Depuis sa création, en 2000, la commission n’avait jamais reçu autant de plaintes pour un seul établissement pénitentiaire. Deux des avis ont été directement transmis au procureur de la République à Beauvais, ville où la justice a condamné en décembre 2006 deux surveillants de Liancourt à quatre mois de prison avec sursis, pour violence sur un détenu, Daouda Siné.

Outre les témoignages de prisonniers, la CNDS a bénéficié de ceux de surveillants « qui ont déclaré ne plus pouvoir supporter les agissements non professionnels, graves de certains de leurs collègues à l’égard des détenus et qui ont décidé de briser la loi du silence ». La fin de l’omerta à Liancourt met en évidence, selon la commission, « la responsabilité particulière de l’équipe d’encadrement, principalement celle du directeur adjoint et du premier surveillant ». Le nom de ce premier surveillant, déjà condamné dans l’affaire Daouda Siné, se retrouve dans plusieurs autres avis. Un surveillant interrogé par la commission confirme : « C’est au niveau de la hiérarchie que s’organisait ce climat et ce régime de terreur. » La CNDS relève toutefois que ces agissements sont « le fait d’une minorité ».

La première affaire remonte à mai 2005. Un groupe de surveillants intervient en pleine nuit en aspergeant la cellule d’un détenu avec une lance à incendie. Le détenu a croupi toute la nuit dans sa cellule inondée. Un surveillant a reçu un blâme. La commission recommande que les autres membres du personnel ayant participé à l’opération passent devant les instances disciplinaires.

Le 24 mars 2006, un détenu est retrouvé pendu dans sa cellule, située dans le quartier disciplinaire. La veille, une altercation avec des surveillants l’avait conduit à l’hôpital pour des points de suture. Placé en quartier disciplinaire dès son retour, il cesse de s’alimenter, demande un médecin. En vain. Pour la commission, il « n’a pas bénéficié de l’assistance que requérait l’état de danger manifeste dans lequel il se trouvait ». Plus grave : « Il est fortement probable que c’est délibérément que les professionnels de santé et la direction (...) ont été tenus à l’écart. » L’avis a été transmis au procureur, tout comme celui concernant des violences intervenues en août 2006.

Le 24 août, un détenu, suivi par des médecins et des psychologues pour un traitement de désintoxication par méthadone, a été frappé. Un médecin a pu constater des hématomes faciaux dix jours après les faits, qui se sont produits alors que le premier surveillant occupait la fonction de responsable de la maison d’arrêt.

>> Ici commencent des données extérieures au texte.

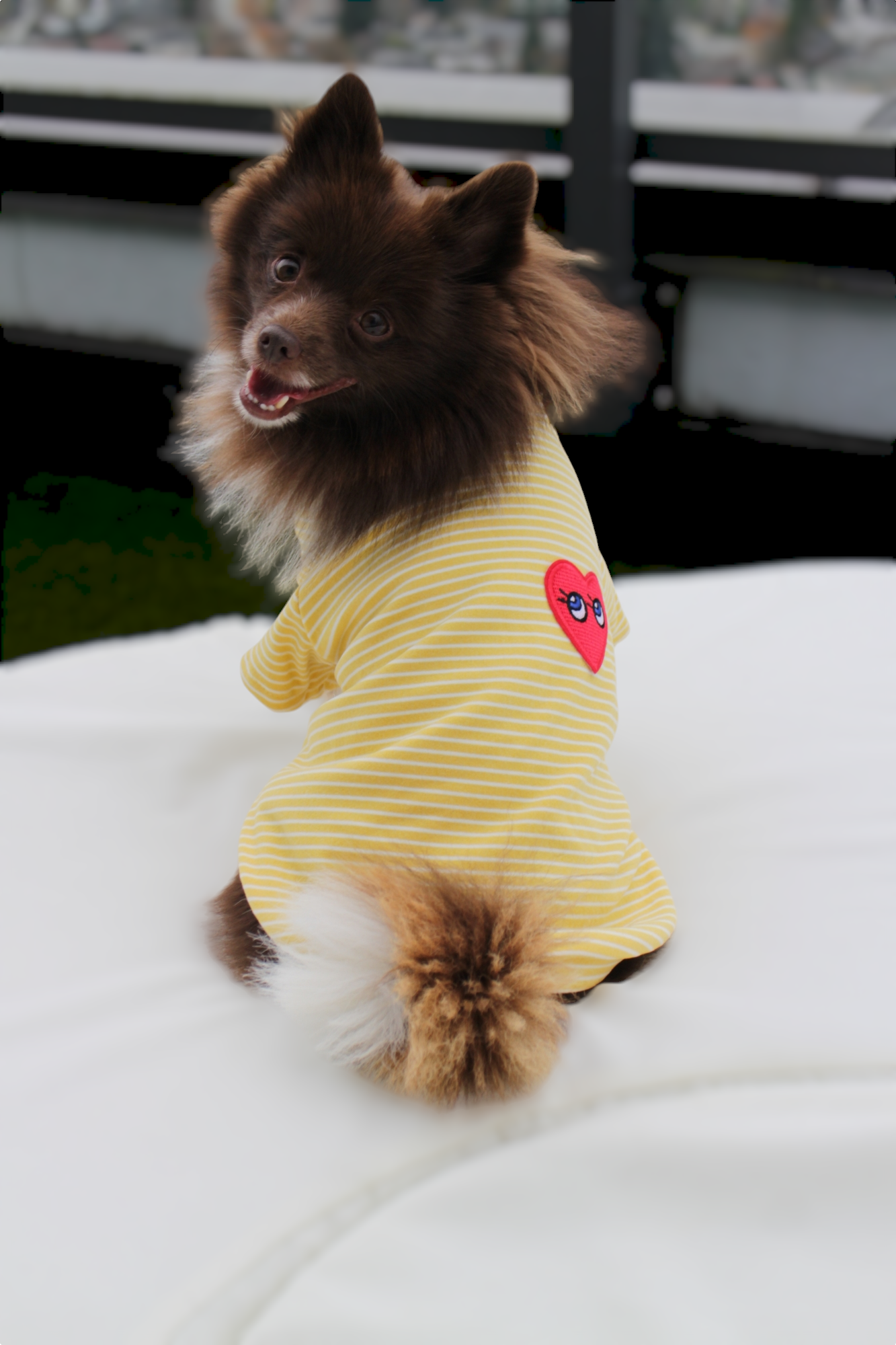 Striped Dog T-shirt with Heart Patch ♥ | Yellow & Pink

La commission juge « disproportionnée » la force utilisée « par rapport au comportement du détenu ». Elle dénonce l’attitude d’un responsable de la hiérarchie qui a tenté d’étouffer l’affaire et « constate avec gravité un état de délitement généralisé des fonctions et des responsabilités d’une partie de l’encadrement de Liancourt ».

Dans un communiqué du vendredi 19 janvier, la direction de l’administration pénitentiaire rappelle que des procédures disciplinaires sont en cours et que des changements ont eu lieu dans l’équipe de direction. Elle assure qu’elle « tirera toutes les conséquences » de ces avis.